L12-18: I read this as Age seeing the theme of 'carpe diem' in poems (literature in general?), even where this is not the main point of those poems (thus, 'imposed'). Age does not think people should be 'overflooded with happiness' (too content with life?) lest they become complacent and give up on living a full life.
L19-end: Here the speaker of the poem considers the problem of telling people to 'seize the present'. Can it be done? The speaker observes: (1) Life lives more in the future than in the present; (2) Life lives more in the past than in both the present and future combined. I think the idea here is that we are either too caught up in worrying about what the future might hold (or alternatively, in making plans for the future that might not happen) or trapped by past events, for the 'carpe diem' message to be effective. The poem concludes with the idea that the present is too overwhelming 'to imagine'. Perhaps the poem then is an explanation of why 'carpe diem' is such a perennial theme in literature: it is so difficult for us to achieve in life. Sadly, but inevitably, the question 'Should we seize the present?' remains unanswered.
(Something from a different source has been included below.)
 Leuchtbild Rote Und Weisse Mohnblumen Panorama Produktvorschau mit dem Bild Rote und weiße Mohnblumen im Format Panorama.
a reply to the comments below:
Theoretically, to me, there is no such thing, if we live in an infinity, and I think we do, as the "present" - the present cannot exist, try to put your finger on it??? There is only an engine (found only in life forms that have developed a sense of and/or an ability to measure) that exists between the future and the past which pumps the future into the past. In an infinity - there is no such thing as time, it is only a measurement that earthlings have developed for their convenience. There cannot be time when there is no beginning or end. The span of the life of a fly is a lifetime to the fly and a few weeks to a human and a nana second to a Bristlecone Pine, but in reality they are all the same in infinity.
So all this discourse about lovers and the present and it's flow over into the future and spill into the past is sentimental hogwash produced by reflections and projections driven by hormones and adrenaline's, expectations and the innate pounding of life's true meaning and purpose, which is inherent in all living things, animal and plant, as the fifth force in the universe: the force that demands cell to split and every living entity to propagate.
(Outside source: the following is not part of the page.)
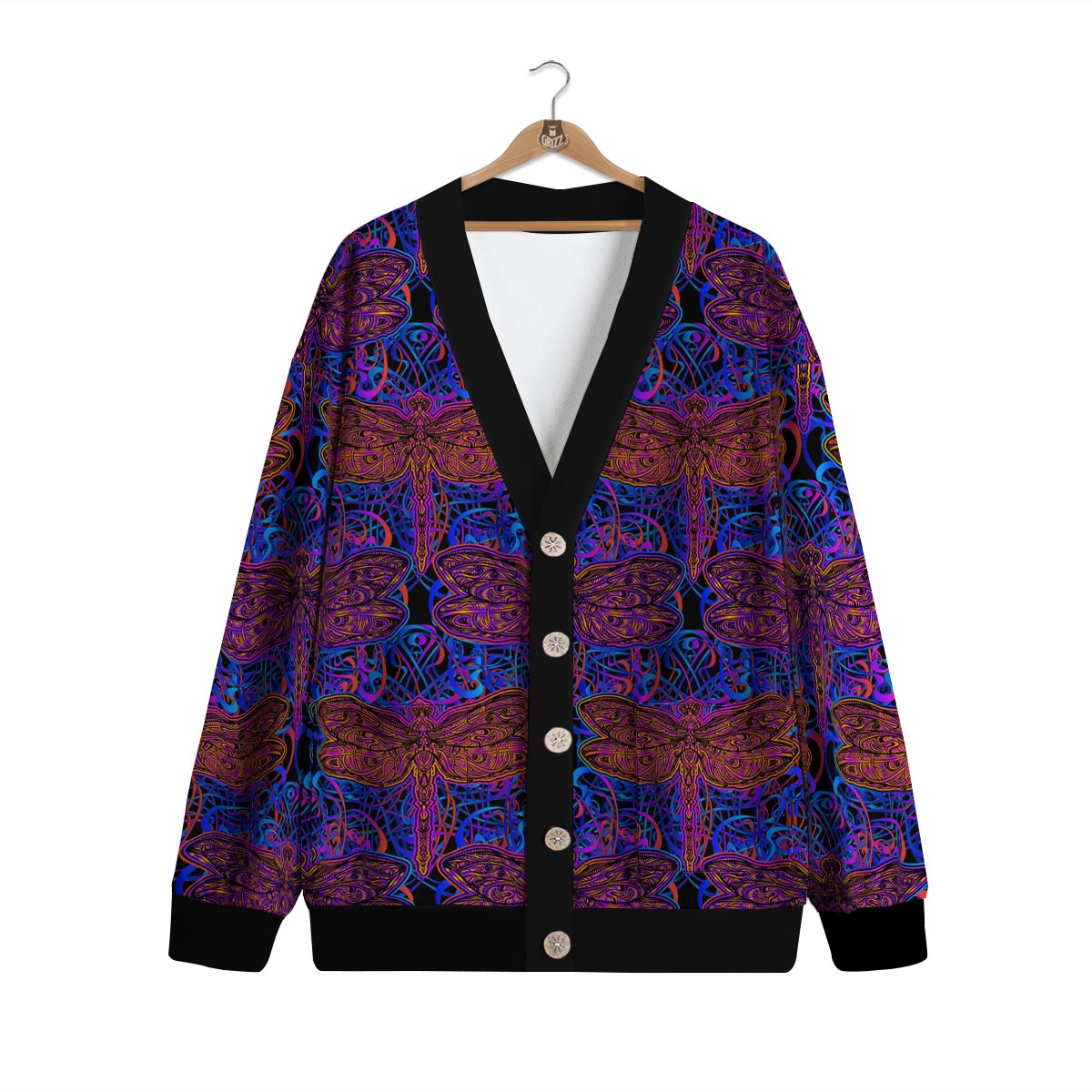 Dragonfly Trippy Print Pattern Cardigan-grizzshop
The force of progeny is disguised in many ways, as an emotion, as rampage, as desire and as love. It can be strong or weak or unavailable - dependent upon the condition and makeup of the receptors within the lives that receive it. Mutations of genes determine the in-and-output of the receptors. These results are seen in the degree or lack of degree of emotionality portrayed in all life which ranges from a overpowering cold hard must be done job to an elaborately decorated tangolike dance stage with all the imaginable trimmings from romance and horseplay to foreplay and climax and ejaculation. Marriage is just a rule of justification designed to tame the overpowering impulses in one specific species of life and somewhat manipulate the process of random selection.
Frost was a both a romantic and a uninvolved observer of human endeavor. He was more philosophical than emotional, seeing things as they really are or were, but he also had a deeply developed understanding of the whys and wherefores of human and other animal going-ons. He always left a little message in his poems after poetically and usually brilliantly describing his observations. He, like Emily Dickinson and Thomas Hardy and the master William Shakespeare and a few others excelled in the ability to make mountains out of molehills and molehills out of mountains.
Frost - Words of wisdom, in a poetic voice, strong and true. Bold and strength indeed! The voice of Frost, is one that none can match and few can compare to! A true master of words, yet, master of nothing!